Example: With 60 total samples and 3 groups:
Group 1 (500 items): 20 samples
Group 2 (300 items): 20 samples
Group 3 (200 items): 20 samples
Best for: When all groups are equally important, or when you want balanced representation.
2. Proportional Allocation
Formula: n_h = n * (N_h / N)
Where N_h = stratum size, N = total population
Larger strata get more samples, proportional to their size in the population.
Example: With 60 total samples from 1000 items:
Group 1 (500 items, 50%): 30 samples
Group 2 (300 items, 30%): 18 samples
Group 3 (200 items, 20%): 12 samples
Best for: When you want the sample to reflect the population distribution.
3. Optimal (Neyman) Allocation
Formula: n_h = n * (N_h * S_h) / sum(N_j * S_j)
Where S_h = standard deviation in stratum h
Allocates more samples to strata with higher variability (larger standard deviation).
This minimizes the overall variance of the sample estimate.

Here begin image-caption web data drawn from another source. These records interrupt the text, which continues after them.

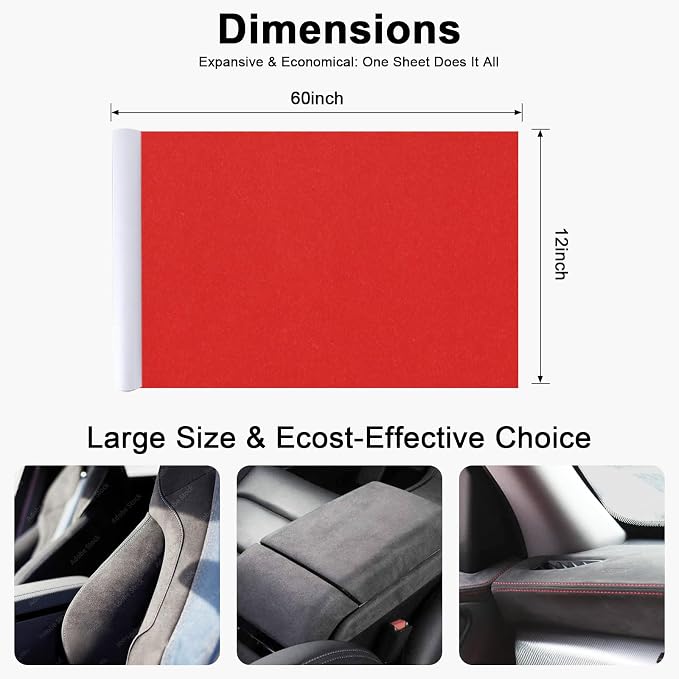 Premium Red Suede Fabric Wrap - 12x60 inch Suede Wrap for Car Interior - Self-Adhesive Microfiber and Synthetic Leather, Stretchable Interior Film for Car and Home Decor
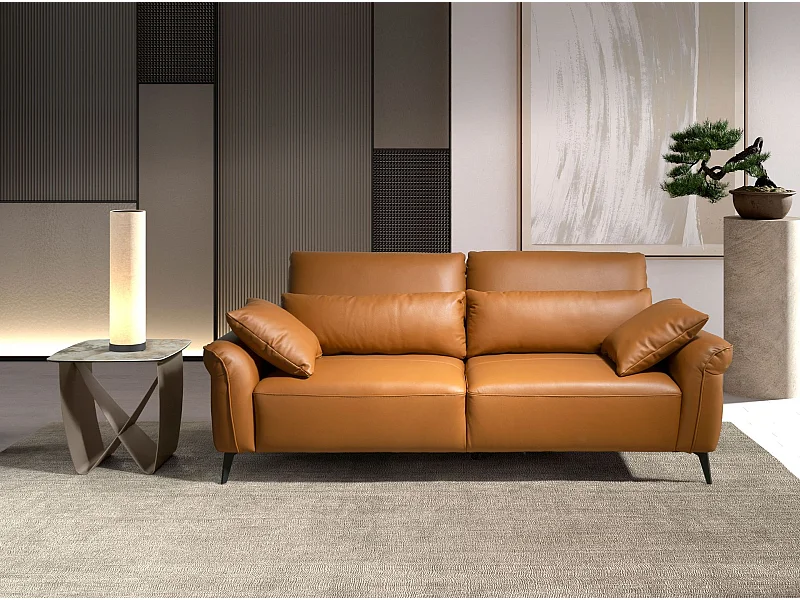 Canapé 2 places en cuir marron 6207 ANGEL CERDA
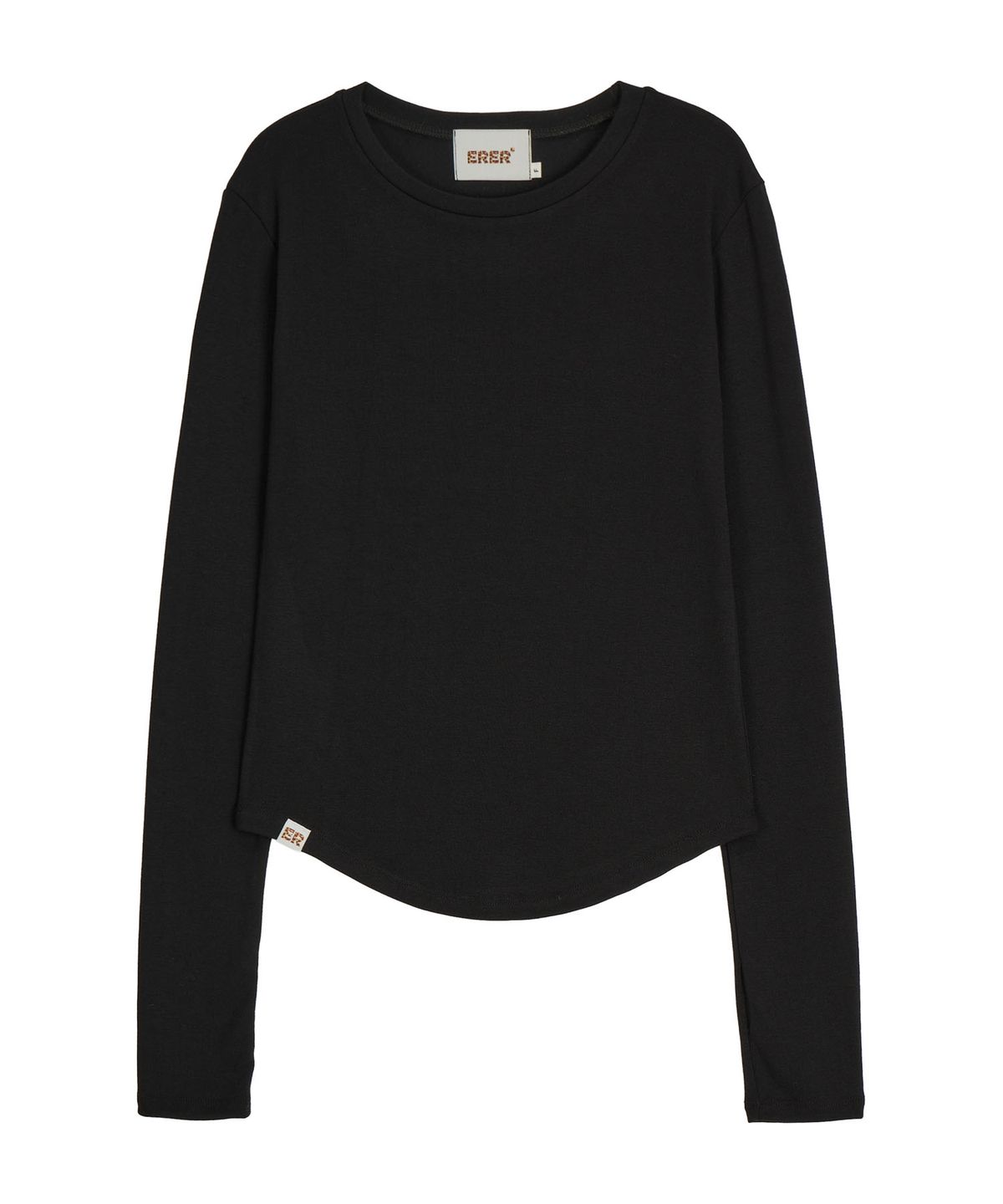 에르에르(ERER) Logo Label long-sleeved T-shirt Black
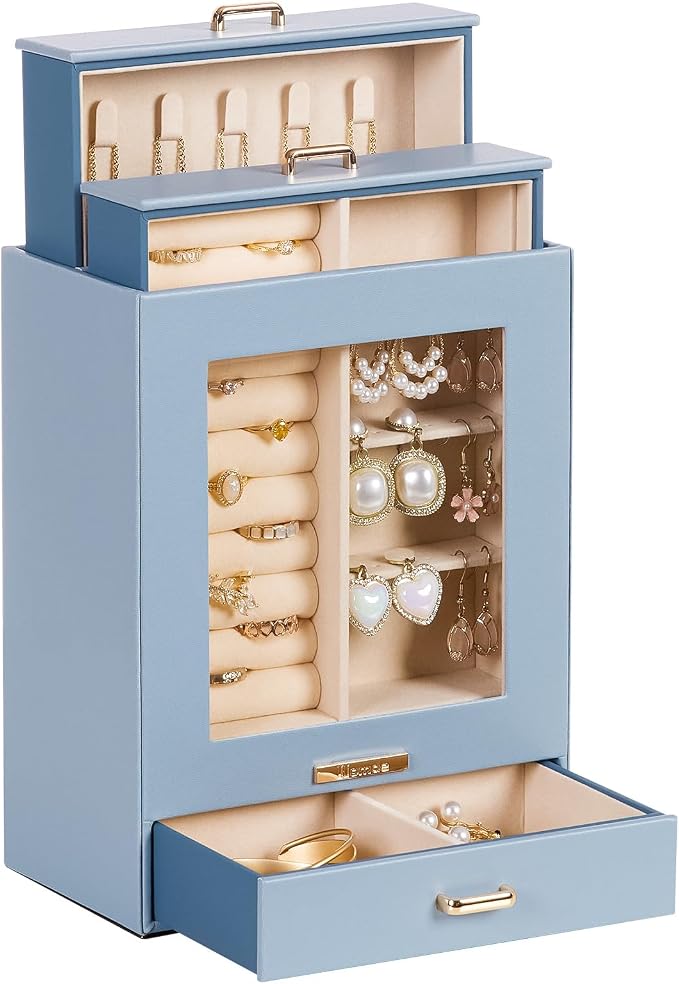 Homde Jewelry Organizer Girls Women Jewelry Box for Necklaces Rings Earrings Gift Bracelets Storage Case (Grey Blue + Gold) by Homde
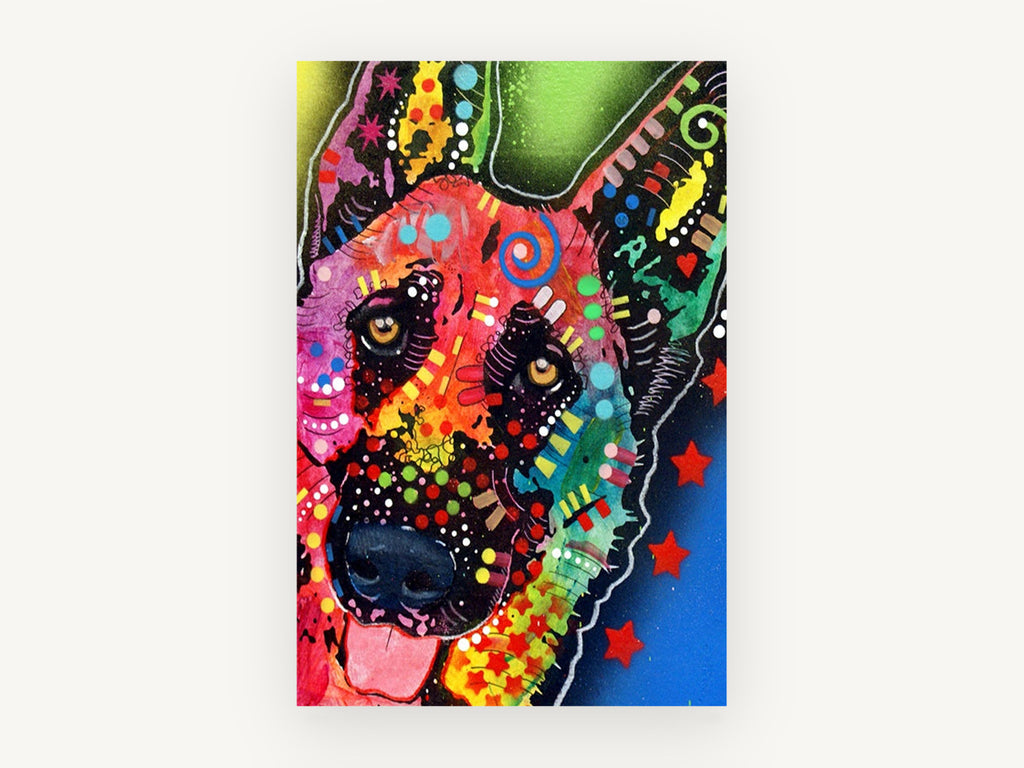 Technicolour Shepherd, colourful pop art german shepherd, animal canvas wall art print, front view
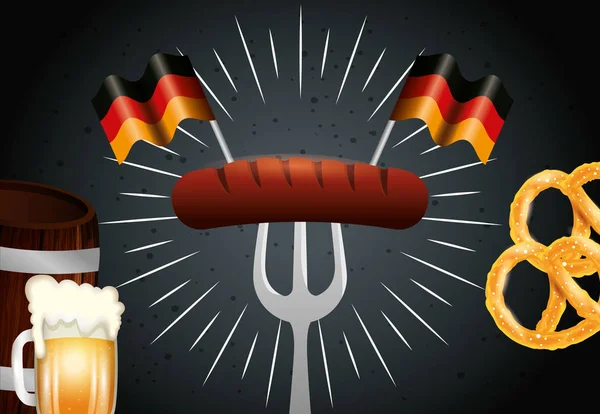 Germania oktoberfest disegno vettore salsiccia — Vettoriale Stock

Example: With 60 samples, if Group 1 has high variance:
Group 1 (high variance): 35 samples
Group 2 (medium variance): 15 samples
Group 3 (low variance): 10 samples
Best for: When you want the most statistically efficient sample (lowest variance for a given sample size).
4. Fixed Allocation
You specify the exact number of samples for each stratum manually.
Example:
Group 1: 25 samples (you specify)
Group 2: 20 samples (you specify)
Group 3: 15 samples (you specify)
Best for: When you have specific requirements for each group (e.g., need exactly 20 high-frequency and 40 low-frequency words).
Custom Weights
Weights let you override any allocation method. If you set weights {1: 2.0, 2: 1.0, 3: 1.0},
Group 1 gets twice as many samples as Groups 2 and 3.
Reference
Cochran, W.G. (1977). Sampling Techniques (3rd ed.), Chapter 5. Wiley.